Тургенев как-то принуждённо, словно бы нехотя улыбнулся:
— Но, помилуйте, Фёдор Михайлыч, почва почвой, а и вы-то, кажется, не на почве, а здесь.
Да, как же ты думал, ответ за всё надо держать, за каждый поступок, или молчи, не зови, но зачем же молчать и не звать, если можно ответить от чистого сердца, даже и всю подноготную, если бы о ней зашла речь, и он горячо отозвался:
— Но ведь это не то, ведь это же совершенно другое, поймите, мне там грозила долговая тюрьма, и я вынужден был, вынужден был уехать, сказать правду, даже бежать, засадили бы непременно.
И усмехнулся:
— Только думаю вот, что не многое переменилось, а я только переменил одну тюрьму на другую.

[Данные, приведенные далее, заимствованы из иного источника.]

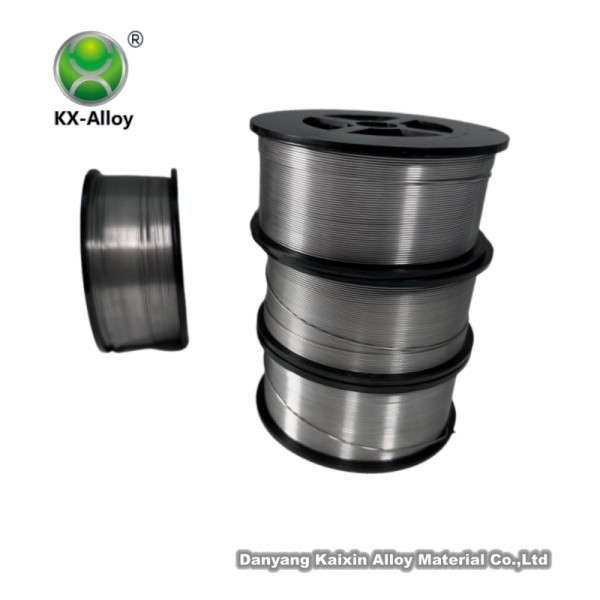 Oxidation Resistance 686 Inconel Alloy Bar Tube Sheet Nickel Chromium Resistance Wire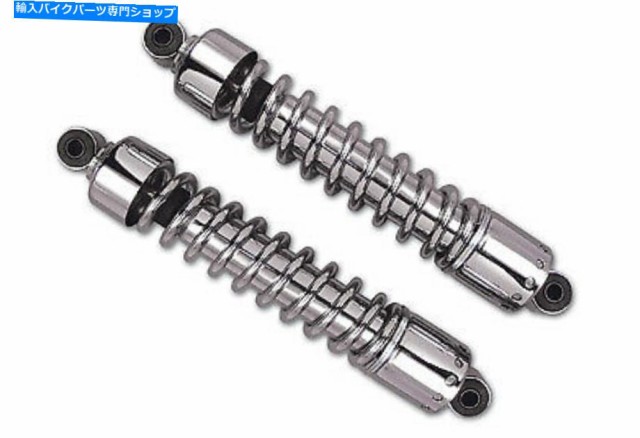 サスペンション レプリカ14-1 / 2ショックセット Replica 14-1/2 Shock Setの通販は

Тургенев не без иронии вставил:
— Ну согласитесь, что эта полегче.
Он задохнулся, закашлял и еле мог говорить:
— Ну это ещё как посмотреть! Там тюрьма была бы для тела, а эта тюрьма для души, и. здесь теряешь даже возможность писать, не имея под руками всегдашнего материала, то есть нашей действительности, дающей мысли, вот как теряете вы, вы же сами только что честно признали, а там-то, даже в тюрьме, я имел бы неслыханный материал, ведь мне каторга дала материалу на книгу, а там я бы на пять набрал, честное слово, если не больше, какое сравнение!

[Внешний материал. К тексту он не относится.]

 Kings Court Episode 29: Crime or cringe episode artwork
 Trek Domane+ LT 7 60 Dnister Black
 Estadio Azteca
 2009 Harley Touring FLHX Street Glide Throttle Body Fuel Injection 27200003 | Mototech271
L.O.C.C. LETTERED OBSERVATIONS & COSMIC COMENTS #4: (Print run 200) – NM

Тургенев засмеялся мягко, негромко и с любопытством спросил:
— А пошли бы, вот в тюрьму-то, ради материала, пошли бы?
Он тоже вдруг засмеялся и искренно подтвердил:
— Разумеется, пошёл бы, что за вопрос, и даже собирался уже, но вот только то, что ведь там писать ещё больше нельзя, там даже читать невозможно, а у меня разъединственный это доход, то есть нет совершенно другого, решительно ничего, и выкупиться уже бы было нельзя, и я бы там весь свой век просидел, кредиторами Бог наградил, живодёры проклятые, за пятьсот рублей один мог засадить, вот и сидел бы, даже я со всем своим материалом.
Тургенев удовлетворённо кивнул:
— Ну вот видите сами, так вот и со мной случилось, что я хотел не хотел, а вот поселился теперь за границей.

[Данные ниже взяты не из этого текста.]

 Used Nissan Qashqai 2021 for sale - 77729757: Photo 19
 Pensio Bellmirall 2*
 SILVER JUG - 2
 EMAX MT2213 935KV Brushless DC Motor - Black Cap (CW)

Вот уж это и нет, он даже не понимал, как же можно сравнивать их положение. Он во всём этом только одно понимал хорошо, что перед ним сидел, киснул и каялся умный человек и с этим умным человеком творилось что-то нелепое, фантастическое, хотя, вероятно, тоже удивительно русское. В этом он тоже не в состоянии был понять ничего, то есть он отчётливо понимал, что, скорее всего, и даже наверняка, единственной реальной причиной всей этой нелепейшей неурядицы была всё-таки слабая воля, недаром же Иван Александрович так выразительно верно этот русский феномен описал, но он именно и представить не мог, как это можно иметь слабую волю и не справиться с самим собой самому, да ещё имея такое огромное дарование, которого не мог же он в Тургеневе, и даже несмотря ни на что, отрицать.
Он пристально посмотрел на того, словно бы застывшего в кресле, и переспросил, не скрывая недоумения:
— Как это «случилось», что вы здесь поселились? Да разве не в вашей воле переселиться обратно?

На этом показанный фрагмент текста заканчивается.